With this schedule, the children are likely to remain more energized and motivated throughout each of the semesters, while enjoying three vacations spread over the year. Families would have the option to plan their annual vacation during any one of three school holidays that last between three and four weeks, a typical duration of a family vacation. In Kenya, the hospitality industry is well developed, since the country’s renowned wildlife game parks and its beautiful beaches attract tourists, mainly from Europe. This schedule of holidays helps the industry remain busy all through the year since local tourists fill up the rooms during the lean periods. A similar schedule should work in this country as well, since the hospitality industry might find that there is an increase in the number of vacationing families during the lean periods, rather than having a heavy concentration only over summer. (For more details on Kenya, read Where is the best weather? and Which is the best African country? by the author).

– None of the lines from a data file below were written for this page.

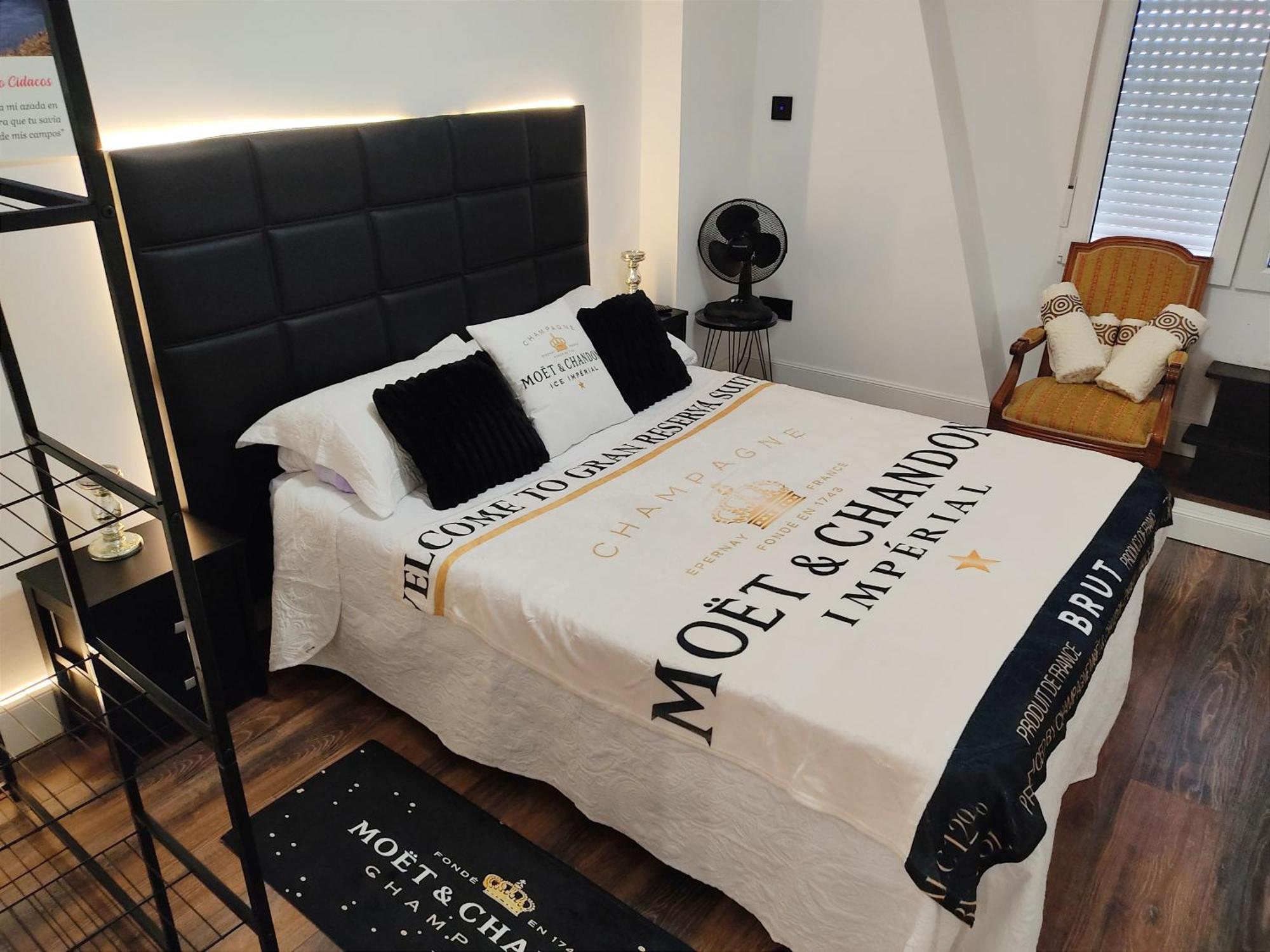 Gran Reserva Suites Centro Alojamiento Entero لوغرونيو المظهر الخارجي الصورة
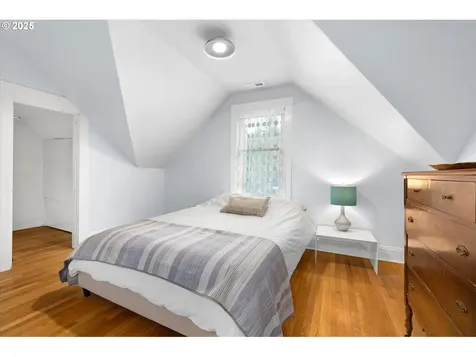 3083 SE Stark Street Portland OR 97214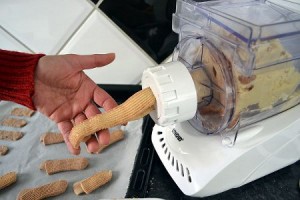 Wenn der selbstgemachte Nudelteig klebt. Nudelmaschine Erste Hilfe image-7292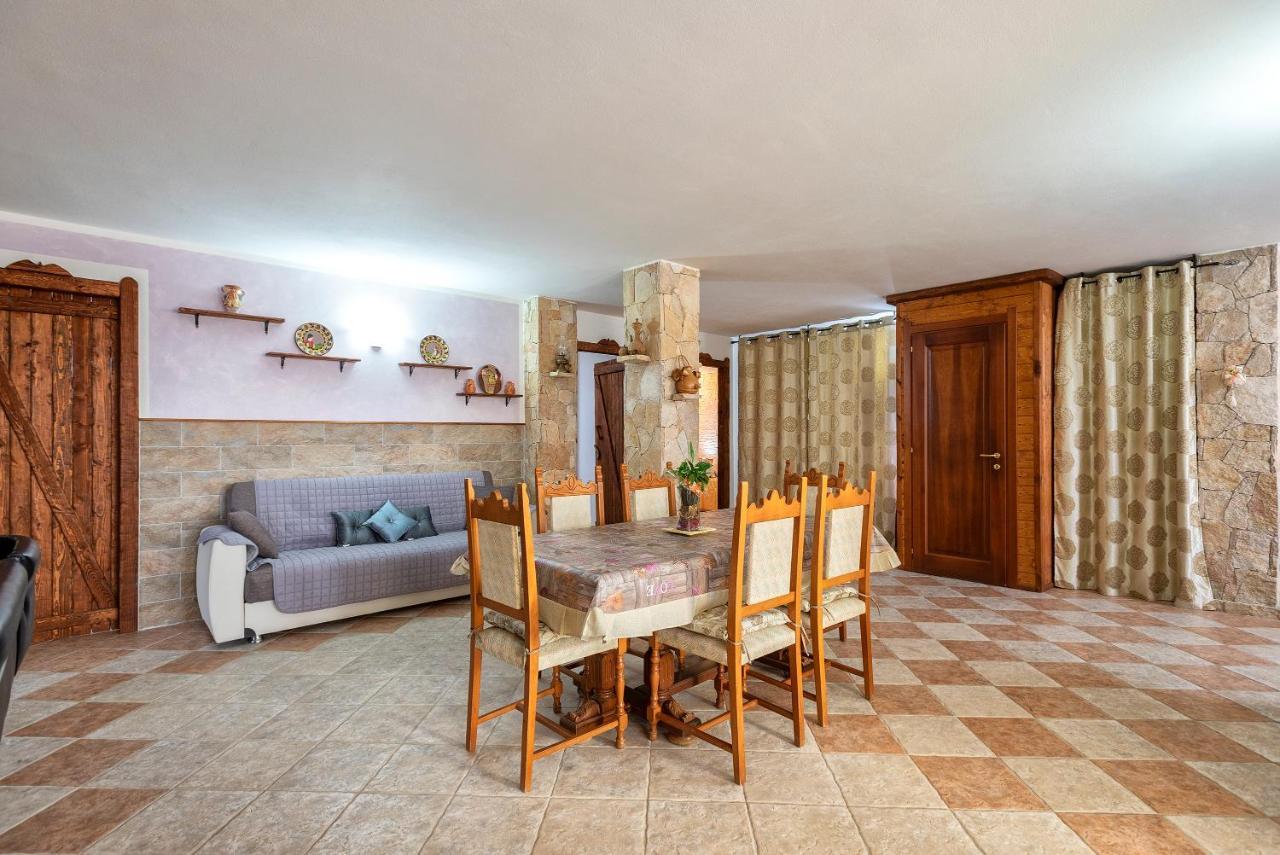 Apartmán Da Mario & Marianna Campanedda Exteriér fotografie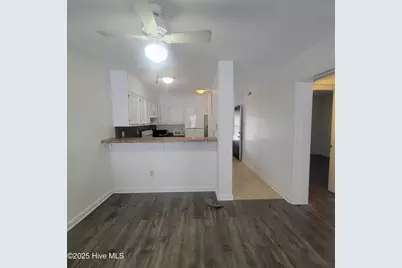 313 Lake Place Condo Drive, Elizabethtown, NC 28337 - Photo 10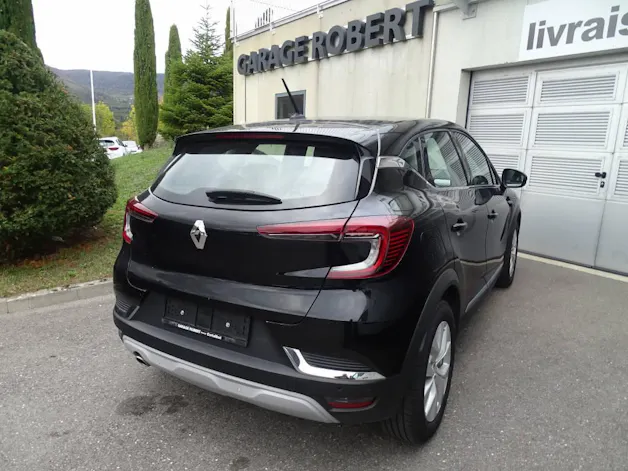 RENAULT Captur 1.3 TCe 140 Intens EDC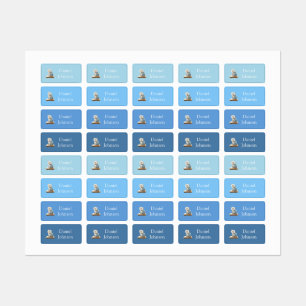 Süßes Kätzchen mit Rucksack Blaue Kleidung Etiketten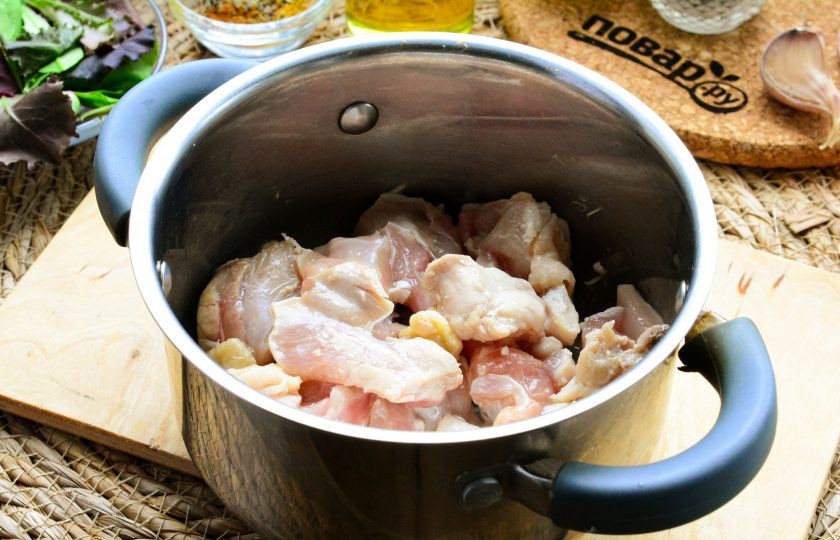 1. Этап. Плов с курицей и айвой: Куриные бедра промойте, срежьте мясо с кости, выложите в кастрюлю с разогретым маслом. Начните жарить. Для рецепта можете также использовать куриное филе, но оно уже будет не таким сочным после приготовления, как куриные бедрышки.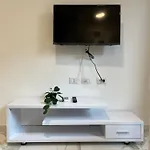 Bocconi - Jcube Hotellerie Apartamento *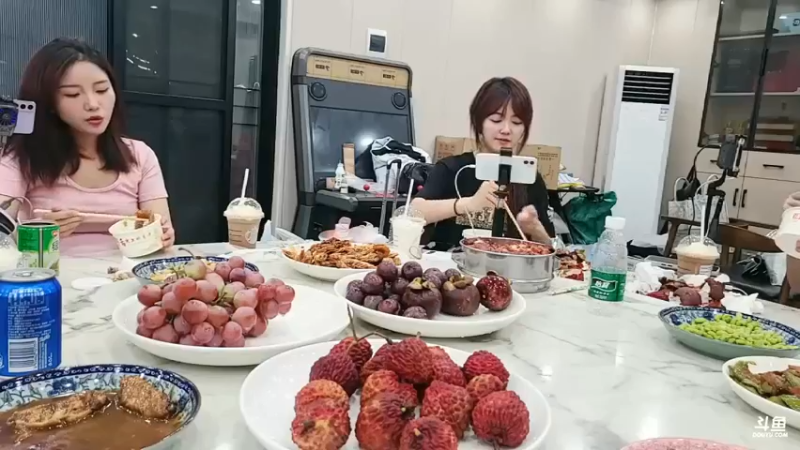 肖哥和女主播吃大餐，肖哥说如果天天过星，睡5小时就够了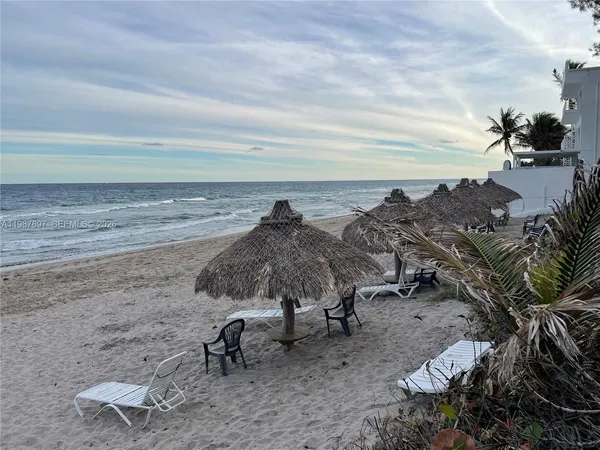 $5,450 | 3912 South Ocean Boulevard, Unit 1001, Highland Beach, FL 33487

Of academic interest to some may be a few points observed by Malcolm Gladwell in his book “The Outliers”. He states that in the US, summer vacation is considered a permanent and inviolate feature of school life, like high school football or the senior prom. But he goes on to point out that studies show how a long summer vacation affects school children’s performances in the widely used math-and-reading skills exam called the California Achievement Test. He also goes on to state that long summer vacations in the US are a major cause why our schoolchildren lag behind several other nations in the TIMMS test (Trends in International Mathematics and Science Study). Students from countries that regularly perform better, mainly from Japan, South Korea, and Taiwan have put in between 220 and 243 school days in a year as against 180 days that a student puts in here.
So there you have it—are we ready to change our school schedule? There will always be resistance to change, but if parents are convinced that’s the proposed schedule is advantageous, they’ll need to push for a change.